Usage

Darshan job summary tool

As a starting point, users can use PyDarshan to generate detailed summary HTML reports of I/O activity for a given Darshan log. Usage of this job summary tool is described below.

usage: darshan summary [-h] [--output OUTPUT] [--enable_dxt_heatmap] log_path

Generates a Darshan Summary Report

positional arguments:
  log_path              Specify path to darshan log.

optional arguments:
  -h, --help            show this help message and exit
  --output OUTPUT       Specify output filename.
  --enable_dxt_heatmap  Enable DXT-based versions of I/O activity heatmaps.

For example, the following command would generate an HTML job summary report for a Darshan log file named example.darshan.

$ python -m darshan summary example.darshan

If --output option is not specified, the output HTML report will be based on the input log file name (i.e., the above command would generate an HTML report named example_report.html).

Darshan Report interface

Users can use the Darshan Report interface to help develop custom log analysis tools. The example below demonstrates how to use this interface to open a Darshan log file, read in log metadata and instrumentation records, and export record data to a pandas DataFrame.

import darshan

# open a Darshan log file and read all data stored in it
with darshan.DarshanReport(filename, read_all=True) as report:

    # print the metadata dict for this log
    print("metadata: ", report.metadata)
    # print job runtime and nprocs
    print("run_time: ", report.metadata['job']['run_time'])
    print("nprocs: ", report.metadata['job']['nprocs'])

    # print modules contained in the report
    print("modules: ", list(report.modules.keys()))

    # export POSIX module records to DataFrame and print
    posix_df = report.records['POSIX'].to_df()
    print("POSIX df: ", posix_df)

Darshan CFFI backend interface

Generally, it is more convenient to access a Darshan log from Python using the Report interface, which also caches already fetched information such as log records on a per-module basis.
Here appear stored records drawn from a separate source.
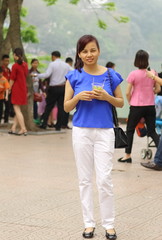 ハノイ　ホアンキム湖　女性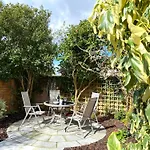 Bard\'S Nest Scholars Cottage, Central Stratford, 5 Mins Walk To Rsc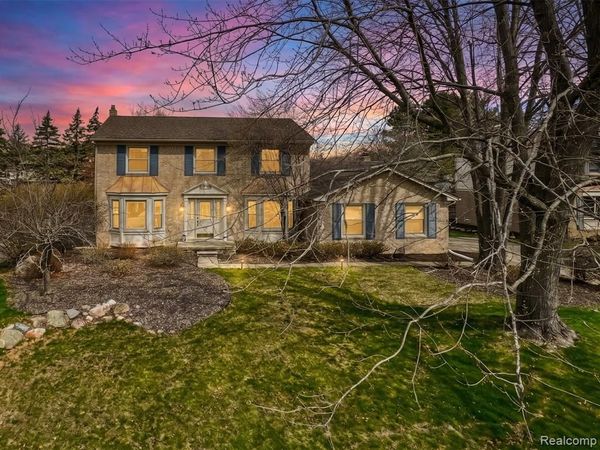 37764 Stableview Drive, Farmington Hills, MI 48335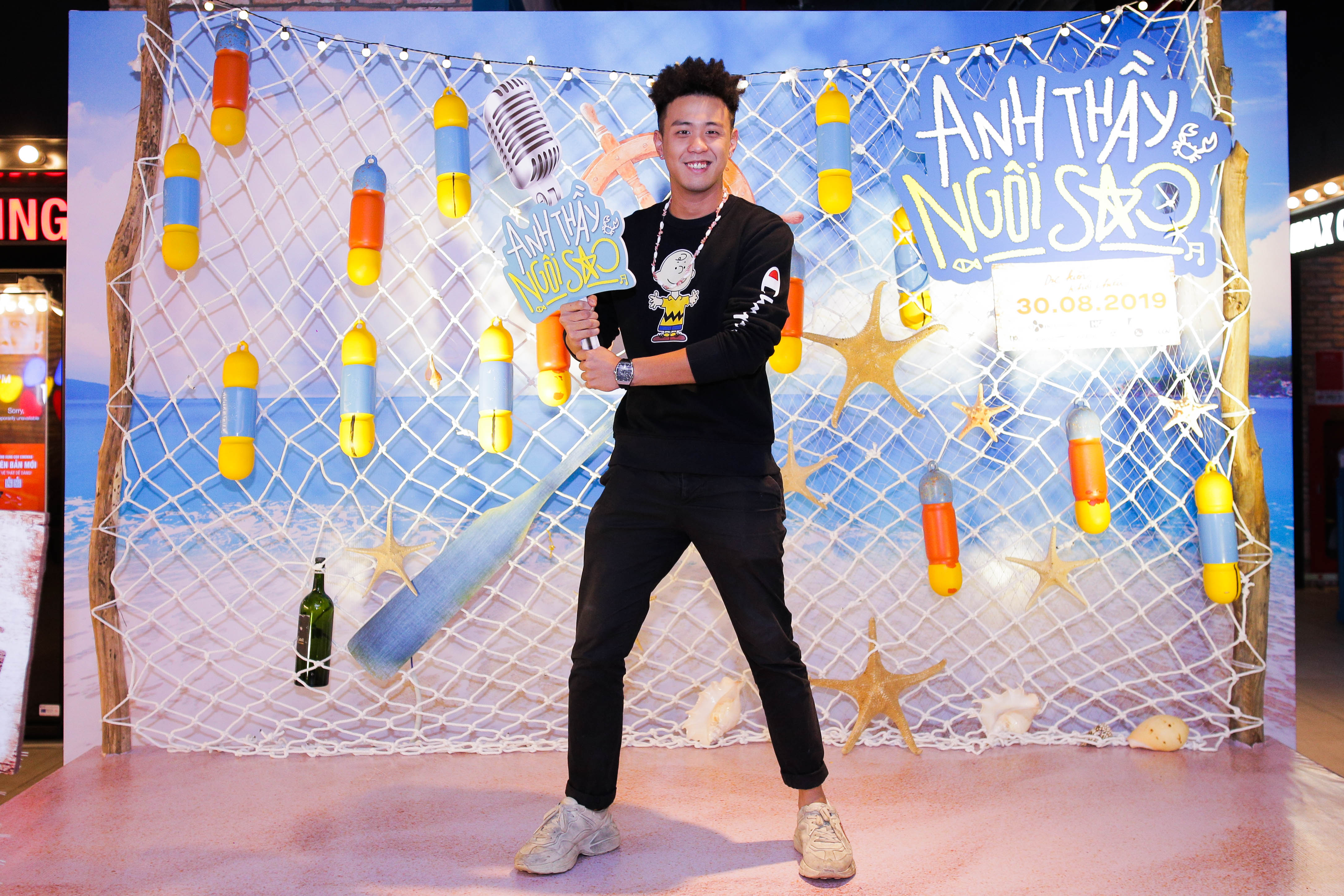 Nam diễn viên sinh năm 1993 sẽ vào vai thầy giáo Hoàng, không thích công việc giảng dạy và luôn ôm mộng làm ca sĩ.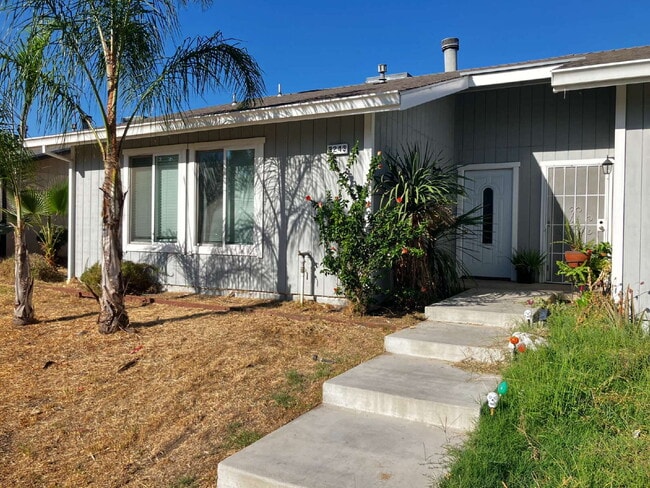 Building Photo - Charming 2-Bed, 2-Bath Duplex Retreat on D... Rental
If this seems like an unwanted overhead, the CFFI interface can be used directly to gain fine-grained control over what log data is being loaded.

The example below demonstrates some usage of the CFFI backend for opening a log file and accessing different types of log data:

import darshan.backend.cffi_backend as darshanll

log = darshanll.log_open("example.darshan")

# Access various job information
darshanll.log_get_job(log)
# Example Return:
# {'jobid': 4478544,
# 'uid': 69615,
# 'start_time': 1490000867,
# 'end_time': 1490000983,
# 'metadata': {'lib_ver': '3.1.3', 'h': 'romio_no_indep_rw=true;cb_nodes=4'}}


# Access available modules and modules
darshanll.log_get_modules(log)
# Example Return:
# {'POSIX': {'len': 186, 'ver': 3, 'idx': 1},
#  'MPI-IO': {'len': 154, 'ver': 2, 'idx': 2},
#  'LUSTRE': {'len': 87, 'ver': 1, 'idx': 6},
#  'STDIO': {'len': 3234, 'ver': 1, 'idx': 7}}

# Access different record types as numpy arrays, with integer and float counters separated
# Example Return: {'counters': array([...], dtype=uint64), 'fcounters': array([...])}
posix_record = darshanll.log_get_record(log, "POSIX")
mpiio_record = darshanll.log_get_record(log, "MPI-IO")
stdio_record = darshanll.log_get_record(log, "STDIO")
# ...

darshanll.log_close(log)